Let us generalize the problem to N fish in a pond. We can assume that all fish are on the boundary of the pond, which is a circle, and we need to find the probability that all of them are contained within a semi-circle.

For every fish Fᵢ, consider the semi-circle Cᵢ whose left end-point is at Fᵢ. The probability that all fish belong to Cᵢ is equal to 1/2ᴺ⁻¹. Since it is impossible to have 2 fish Fᵢ and Fⱼ, such that the semi-sircles Cᵢ and Cⱼ contain all fish, we see that the probability that all fish belong to Cᵢ for some i is equal to N/2ᴺ⁻¹.

When N = 5, we get that the answer is 5/16.

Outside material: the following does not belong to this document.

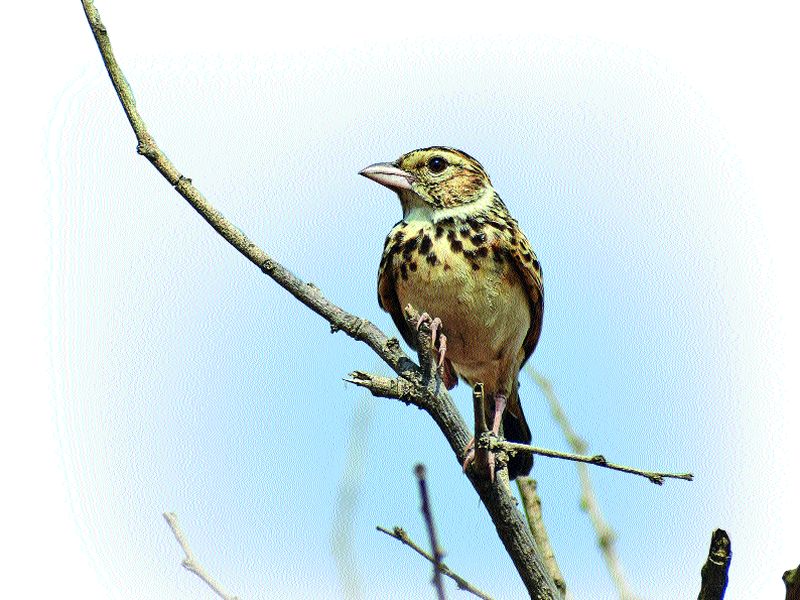 Migratory birds Junnar; Feast of birds for the birds | स्थलांंतरित पक्ष्यांची जुन्नरसफर; पक्षीप्रेमींसाठी पर्वणी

## Rapunzel and the Prince

The evil witch has left Rapunzel and the prince in the center of a completely dark, large, square prison room. The room is guarded by four silent monsters in each of its corners.  Rapunzel and the prince need to reach the only escape door located in the center of one of the walls, without getting near the foul beasts. How can they do this, considering they can not see anything and do not know in which direction to go?

The prince must stay in the center of the room and hold Rapunzel’s hair, gradually releasing it. Then, Rapunzel must walk in circles around the prince, until she gets to the walls and finds the escape door.